Cassandra could tell that his hands were beginning to shake, his entire body was hyperventilating. He couldn't imagine not having his daughter. She knew he loved her. Sometimes she thought he loved her too much. She knew if there wasn't a law between them he would've murdered all the nurses, murdered maybe even the loonies too, for keeping his daughter locked away, surrounded by men and women who didn't know her name, and possibly even abused by the pedophiles he knew these asylums had. The nurses never thought of separating them from his little girl. His little world that he had to keep safe and in harmony in his arms.

"She's six years old! She can't possibly have ECT at such a young age! Or even be in a hospital for so long…Cassie, I'm so worried about my daughter…she's still having these episodes, and she's gone and off to God knows where from some bastard who's probably asking for ransom money or something…I love her Cassie, I can't imagine her being gone from my grasp, being hurt again…I want her back."

She nodded, as the rain streamed on the windows, the smaller drops being devoured by the larger ones, like slugs with wide open mouths that swallowed the others whole.

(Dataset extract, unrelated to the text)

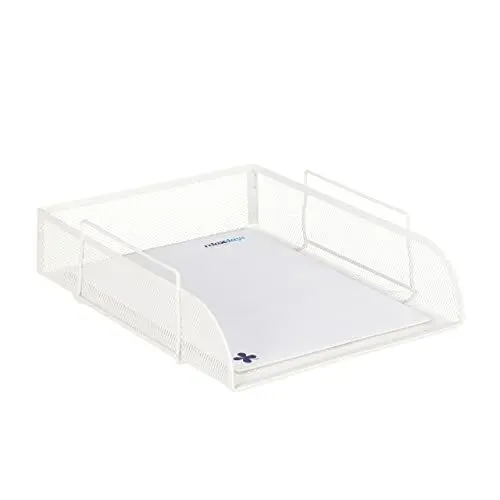 Produktbild: Relaxdays stapelbare Dokumentenablage, für DIN A4, Gitter Design, Briefablage fürs Büro, Metall, B x T: 25 x 34 cm, weiß, 1 Stück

"I know. But we can't just wish for her to come back. We have to find her, and we have to trust the police in what they're doing. I'm sure we can find her before anything bad happens to her. We can't keep worrying about this and imagine the worst has happened to our daughter. Maybe she's okay. Maybe someone who had no evil intentions at all picked her up. But the more we stress out and worry, the less we'll be able to find her."

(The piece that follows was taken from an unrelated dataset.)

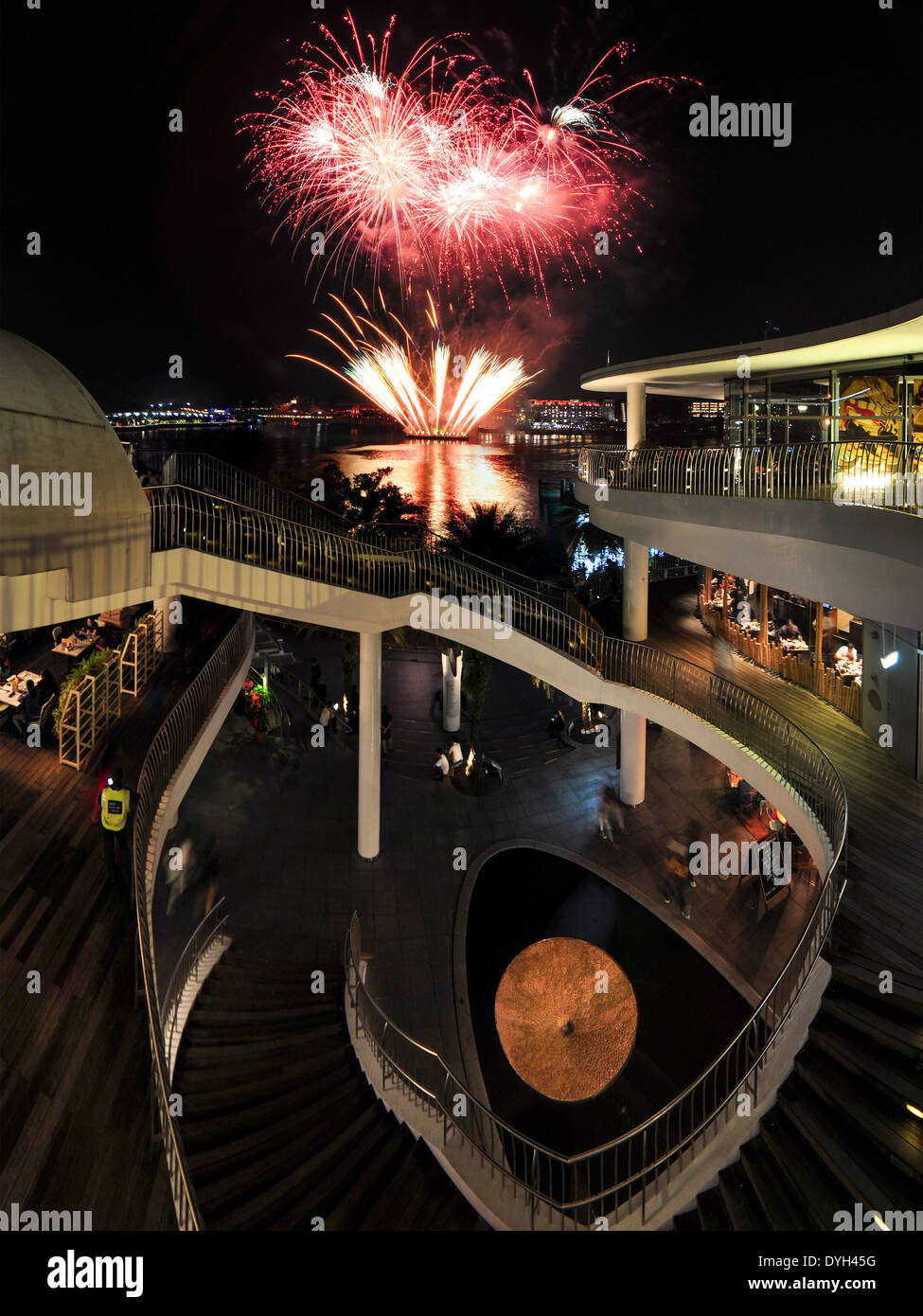 Fireworks show in celebration of Vivocity's 7th birthday. Stock Photo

"You're always so calm, Cassie. The hell is up with that."

He listened to the sounds of the raindrops smacking the screens, the sounds of the cars passing by with rainwater under their tires, the sound of the wind blowing, whistling the harmonies of the rain. He thought it was talking to him, singing a lullaby that sounded strangely like "Baa Baa Black Sheep".

"But you don't understand how serious this is. I'm one hundred percent sure that someone who picked her up did have evil intentions in mind. I really don't think it would be my father, her grandpa, who wanted to take her to his house, teach her all about how wonderful Catholics are…I'm sure if I met him again, he would do that. I'm sure he's going to tell me I'm not raising my daughter right. My father, he tries to be a good man but I know he just forces that on me. I never wanted to be Catholic. I never wanted to be religious. I just…wanted to live my life the way I want to. Protecting my daughter."

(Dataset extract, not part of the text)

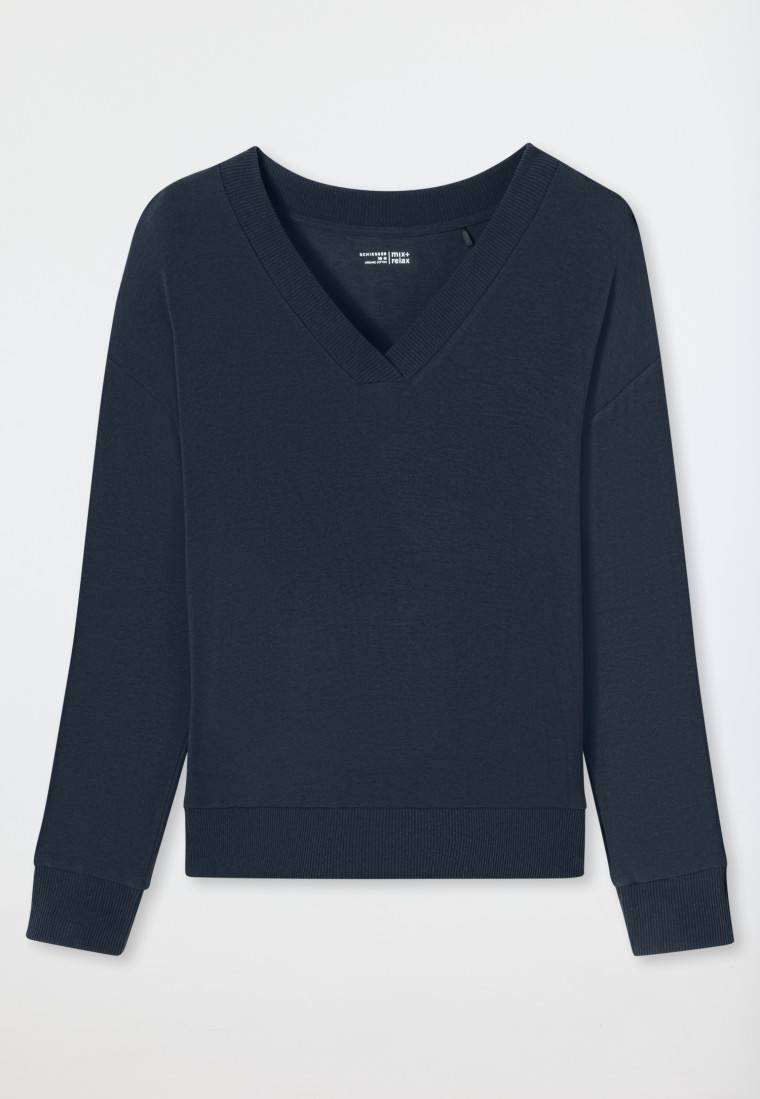 Schiesser Sweatshirt Feinripp nachtblau - Mix+Relax Super Sparpreis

"Your father can't possibly have thought about picking Annabelle up, would he? I mean, he's all the way back in Minnesota…"

"I'm sure he would've, Cassie. I'm sure he would've wanted to save my children with the backhand of God. That bastard…I don't know if he did this, but if he did, I thought I was rid of him so long ago. I can't imagine seeing his face again."

He could imagine more of his hairs becoming gray, his teeth withering, his eyes becoming baby-like. Like his father. The look that he always hated. He wished he was like Dorian Gray, never having to age. Never worrying about being 80 at 30 years old.

He could feel the trigger to his pistol being squeezed lightly, as he thought of his father back in Minnesota, what seemed to be many eons ago…

"Son, do you know why Adam and Eve were ashamed of their naked bodies?"

He wasn't sure why.

He always looked at his naked body and never felt ashamed. In fact, he was proud of it. He even thought of having sex with a few women before, but he knew his father wouldn't like that, being a Catholic, believing all sperm was sacred. Believing that using condoms was a waste of time or evil.

"I don't know," he said.

His father grinned, almost seeming to be docile. "You don't know, hm?"

His reaction was simply just to grin back, to show him that he understood what he was saying, that his jokes were funny, that he agreed with him. But he knew in a moment, his father wasn't going to laugh anymore.

"Son, it's because Satan has influenced them to eat one of God's fruits, and that has caused sin and agony to appear. You're smiling now because you don't understand what that means. You're just trying to show me that you agree with me, when in actuality, you don't. You don't understand any of these things, no matter how much I try to teach you them, and you seem to be skipping on Bible school. Can you tell me why you are, Ed?"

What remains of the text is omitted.